Monthly pageviews give strongly different results, dependinh where I look.

  1. https://stats.wikimedia.org/#/sw.wikipedia.org/reading/total-page-views/normal|bar|2016-02-29~2021-11-08|~total|monthly shows Oct 2021 Total 6.265.709
  1. https://pageviews.toolforge.org/siteviews/?platform=all-access&source=pageviews&agent=user&start=2021-10&end=2021-10&sites=sw.wikipedia.org shows sw.wikipedia.org · 2021-10-01 - 2021-10-31 · 1.848.591 pageviews
  1. When I go via https://stats.wikimedia.org/#/sw.wikipedia.org/reading/page-views-by-country/normal|table|last-month|(access)~desktop*mobile-app*mobile-web|monthly and add the numbers in the table, I get 1.9 Mil. views, which corresponds to 2.), although I am on the same adress like 1.) which gives the much larger figure.

Is it a mistake or just a matter of better labeling?

Event Timeline

JAllemandou subscribed.

Hi @Kipala, thanks for reporting :)
The reason for your number of views to be different in 1) is because they include user, spider and automated traffic, while numbers in 2) only contain numbers for users.
You can filter the numbers in the stats.wikimedia.org UI by using the 'Agent Type' filtering (see https://stats.wikimedia.org/#/sw.wikipedia.org/reading/total-page-views/normal|bar|2016-02-29~2021-11-08|agent~user|monthly).
Finally nubmers in 3) are close to 2) cause they contain user traffic only, but they differ as they are an approximation of the real value (rounded to the upper closest hundred value).

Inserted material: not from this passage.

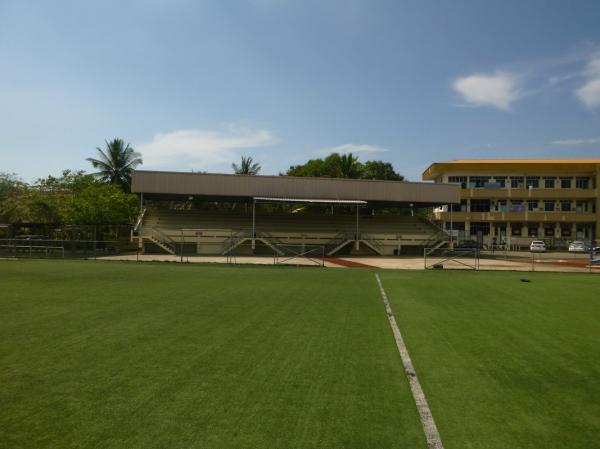 Sekolah Rendah Raja Isteri Fatinah Field - Bandar Seri Begawan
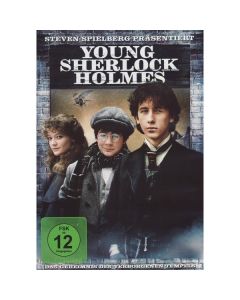 Young Sherlock Holmes (Geheimnis des verborgenen Tempels) DVD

You can read some more here: https://wikitech.wikimedia.org/wiki/Analytics/Data_Lake/Edits/Geoeditors/Public#No_exact_counts.
I'm gonna close this task as invalid, feel free to reopen as needed :)

Hi JAllemandou,

I suspected something like this. Then it looks to me badly labelled. It
should say on the page what you just told me ("include user, spider and
automated traffic").

But the explanation on the page  sound like the opposite "Page views on
Wikimedia projects count the viewing of article content. In this data we
try to separate bot traffic and focus on human user page views."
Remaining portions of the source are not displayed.